No Campeonato Nacional, prova de regularidade por excelência, há, para os candidatos ao título, pontos recuperáveis e pontos irrecuperáveis. O Benfica, frente ao Casa Pia, como sucedera ao FC_Porto com o Arouca, deixou em campo dois pontos irrecuperáveis, e que podem custar o título. E só pode queixar-se de si próprio, numa noite de desinspiração e escassa convicção, onde a equipa só acordou para a realidade quando Florentino, aos 86 minutos, rematou de cabeça à barra. Até esse momento, apesar de estar em vantagem desde os 44 minutos, graças a um instante de inspiração de João Mário, nunca mostrou vontade séria de ir à procura do segundo golo, que provavelmente mataria o jogo, preferindo enredar-se num futebol redondo, de escassa presença na área contrária. Mas pior: a dormência manteve-se mesmo depois de Trubin, aos 54 minutos, ter defendido um penálti, e de, seis minutos depois, ter impedido uma iniciativa perigosa de Larrazabal, lateral esquerdo que carrega a responsabilidade de ser herdeiro de linhagem nobre do futebol basco. Ao mesmo tempo, os velocíssimos Jajá e e Soma, com o espaço que tinham, mantinham em permanente estado de ansiedade os mais de 57 mil benfiquistas que acorreram à Luz, na noite de festa das Casas do clube.

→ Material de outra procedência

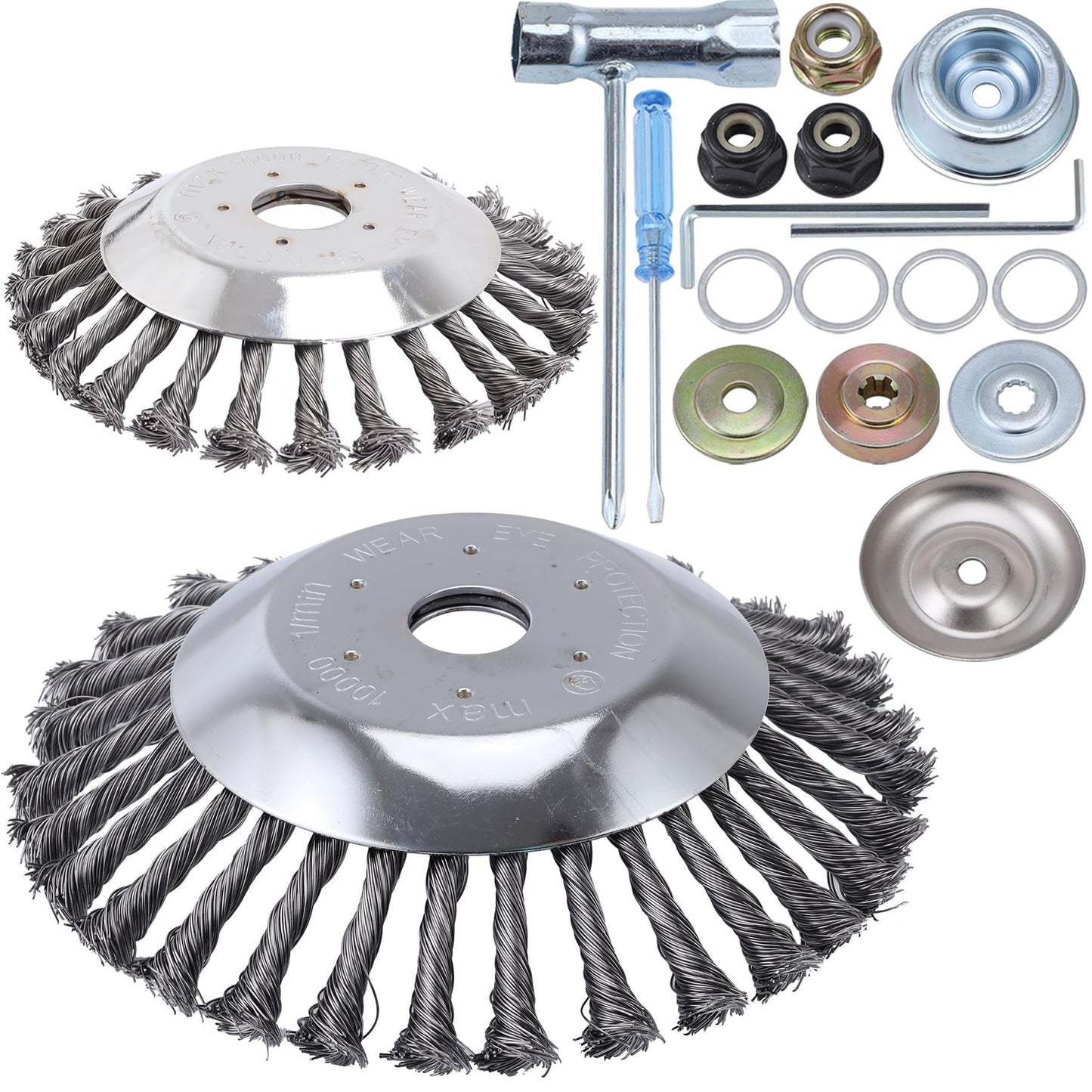 Rotary Steel Wire Brush Cutter Head with Universal Adapter for Trimmers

Não foi, pois, por falta de avisos que o cântaro tantas vezes foi à fonte que se partiu. O Casa Pia, sempre bem organizado, teve a sagacidade tática que faltou aos encarnados, e leu o momento de forma perfeita, aproveitando o facto do jogo se ter tornado mais aberto, o que em tese devia beneficiar o Benfica. Assim, aos 81 minutos, quando Larrazabal, com escasso ângulo, fez a bola passar entre as pernas de Trubin, que fechava o primeiro poste, os piores receios dos benfiquistas confirmaram-se.

Roger Schmidt

Ao ler o jogo, Roger Schmidt não se apercebeu de que a sua equipa estava a desligar-se e aos 64 minutos tratou de alterar a ala esquerda, mandando entrar Jurasek, que nada acrescentou ao que Bernat tinha feito, e Di María, que foi para a direita (e dois minutos depois teve um grande remate, superiormente defendido por Ricardo Batista, a sua única ação relevante na partida), que substituiu Neres no melhor momento do brasileiro, passando João Mário para a esquerda. Mais tarde, sem rasgo, o técnico alemão trocou Arthur Cabral, sempre desapoiado e desinspirado, por Tengstedt (74), que sofreu dos mesmos males. Enquanto isso Filipe Martins refrescou o meio-campo, setor onde do lado encarnado João Neves continuava a pautar jogo e Florentino a roubar bolas, mas com os companheiros cada vez mais longe...

sem presença na área

Só aos 86 minutos, quando Florentino cabeceou à barra, houve um toque a rebate no Benfica, que tentou fazer nos onze minutos (quatro mais sete de compensação) que faltavam, aquilo que devia ter feito ao longo da partida. Um minuto depois da bola de Florentino no travessão, entraram Chiquinho e Gonçalo Guedes (é um mistério porque não é titular deste Benfica sem presença na área e com falta de velocidade e golo!), e já na base do desespero Rafa e João Neves obrigaram o guarda-redes do Casa Pia a brilhar, e na sequência de um pontapé de canto António Silva acertou na trave. Ou seja, um pouco como sucedeu no Estoril, o Benfica até podia ter conquistado os três pontos. 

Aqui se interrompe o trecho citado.